In the years since, the organization that once encouraged better markmanship and reasonable gun-control laws has given way to an advocacy organization and political force that saw more guns as the answer to society’s worst violence, whether arming commercial-airline pilots after 9/11 or teachers after the Newtown massacre, while opposing new restrictions on gun usage.

It is hard to believe, but the NRA was committed to gun-control laws for most of the 20th century—helping, until the 1980s, to write most of the federal laws restricting gun use.

“Historically, the leadership of the NRA was more open-minded about gun control than someone familiar with the modern NRA might imagine,” writes Adam Winkler, a Second Amendment scholar at the UCLA School of Law, in his 2011 book, Gunfight: The Battle Over the Right to Bear Arms in America. “The Second Amendment was not nearly as central to the NRA’s identity for most of the organization’s history.”

Once Upon a Time …
The NRA was founded in 1871 by two Yankee Civil War veterans, including an ex-New York Times reporter, who felt that the war had dragged on because more urban Northerners could not shoot as well as rural Southerners. The NRA’s motto and focus was not fighting for constitutional rights to own and use guns, but “Firearms Safety Education, Marksmanship Training, Shooting for Recreation,” which was displayed in its national headquarters.

The NRA’s first president was a Northern Army general, Ambrose Burnside. He was chosen to reflect this civilian-militia mission, as envisioned in the Second Amendment, which reads: “A well-regulated militia being necessary to the security of a free state, the right of the people to keep and bear arms shall not be infringed.”

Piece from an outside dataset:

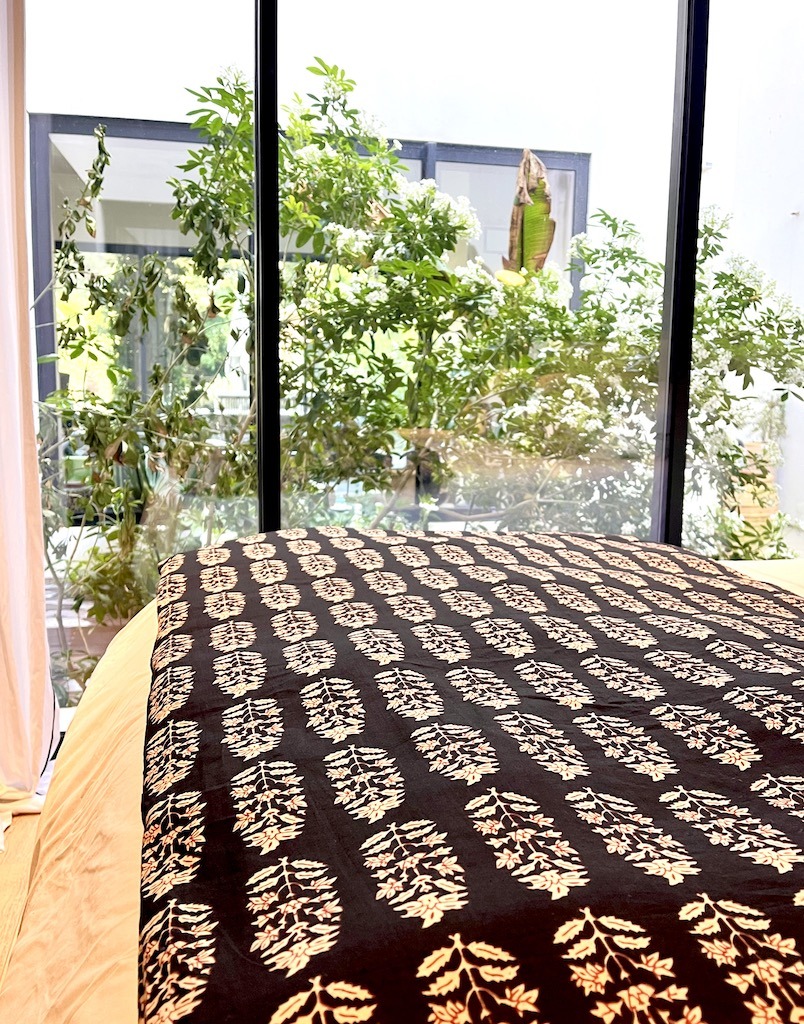 courtepointe edredon sofa cover, bout de lit, safran jaune moutarde, coton indien fleuri tres doux soyuex imprimé au blockprint en inde a jaipur Ma jungle family noir beige rouge forme feuille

The understanding of the amendment at the time focused on having a prepared citizenry to assist in domestic military matters, such as repelling raids on federal arsenals like 1786’s Shays’ Rebellion in Massachusetts or the British burning of Washington in the War of 1812. Its focus was not asserting individual gun rights, as today, but a ready citizenry prepared by target shooting. The NRA accepted $25,000 ($500,000 today) from New York State to buy a firing range. For decades, the U.S. military gave surplus guns to the NRA and sponsored shooting contests.

In the 1920s and 1930s, the NRA’s leaders helped write and lobby for the first federal gun-control laws—the very kinds of laws that the modern NRA labels as the height of tyranny. The 18th Amendment, outlawing alcohol, became law in 1920 and was soon followed by the emergence of big-city gangsters who outgunned the police by killing rivals with sawed-off shotguns and machine guns—today called automatic weapons.

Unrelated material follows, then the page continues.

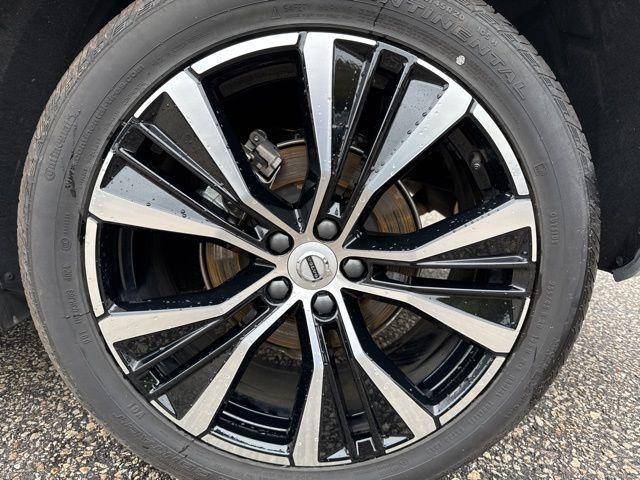 used 2025 Volvo XC60 car, priced at $40,604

In the early 1920s, the National Revolver Association—the NRA’s handgun-training counterpart—proposed model legislation for states that included requiring a permit to carry a concealed weapon, adding five years to a prison sentence if a gun was used in a crime, and banning noncitizens from buying a handgun. It also proposed that gun dealers turn over sales records to police and a one-day waiting period between buying a gun and getting it—two provisions that the NRA opposes today.

Nine states adopted these laws: West Virginia, New Jersey, Michigan, Indiana, Oregon, California, New Hampshire, North Dakota and Connecticut. Meanwhile, the American Bar Association had been working to create uniform state laws and built upon the proposal, but made the waiting period two days. Nine more states adopted it: Alabama, Arkansas, Maryland, Montana, Pennsylvania, South Dakota, Virginia, Washington and Wisconsin.

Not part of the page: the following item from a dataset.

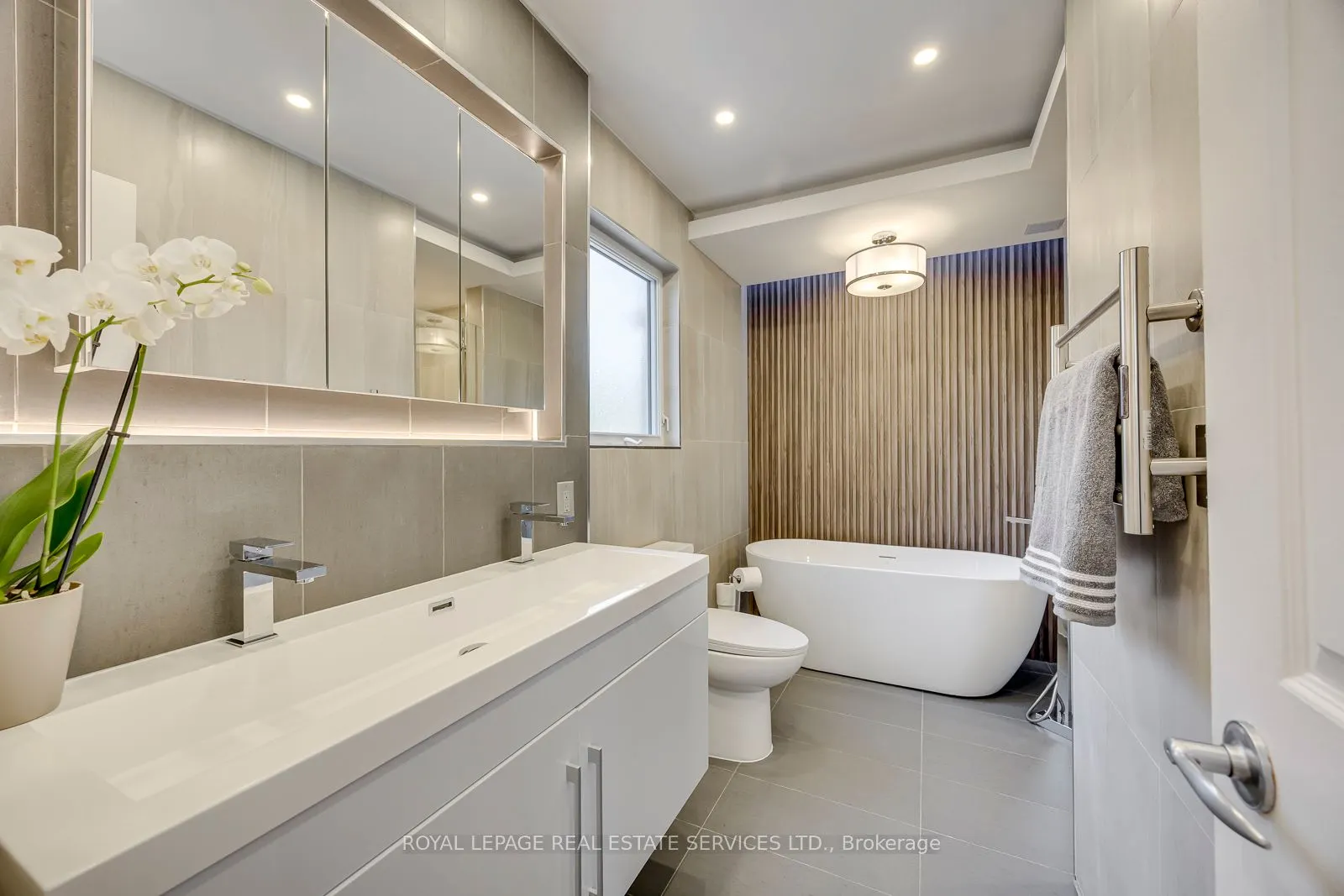 300 Canital Court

State gun-control laws were not controversial—they were the norm. Within a generation of the country’s founding, many states passed laws banning any citizen from carrying a concealed gun. The cowboy towns that Hollywood lionized as the “Wild West” actually required all guns be turned in to sheriffs while people were within local city limits. In 1911, New York state required handgun owners to get a permit, following an attempted assassination on New York City’s mayor. (Between 1865 and 1901, three presidents were killed by handguns: Abraham Lincoln, James Garfield and William McKinley.) But these laws were not seen as effective against the Depression’s most violent gangsters.

Guns & Gangsters
In 1929, Al Capone’s St. Valentine’s Day massacre saw men disguised as Chicago police kill seven rivals with machine guns. Bonnie and Clyde’s gun-crime spree from 1932-34 was a national sensation. John Dillinger robbed 10 banks in 1933, firing a machine gun as he sped away. That same year, new president Franklin D. Roosevelt made fighting crime and gun control part of his New Deal. The NRA helped him draft the first federal gun controls: 1934’s National Firearms Act and 1938’s Gun Control Act.

These federal firearms laws imposed high taxes and registration requirements on certain classes of weapons—those used in gang violence, like machine guns, sawed-off shotguns and silencers—making it all but impossible for average people to own them. Gun makers and sellers had to register with the federal government, and certain classes of people—notably convicted felons—were barred from gun ownership. The U.S. Supreme Court unanimously upheld these laws in 1939.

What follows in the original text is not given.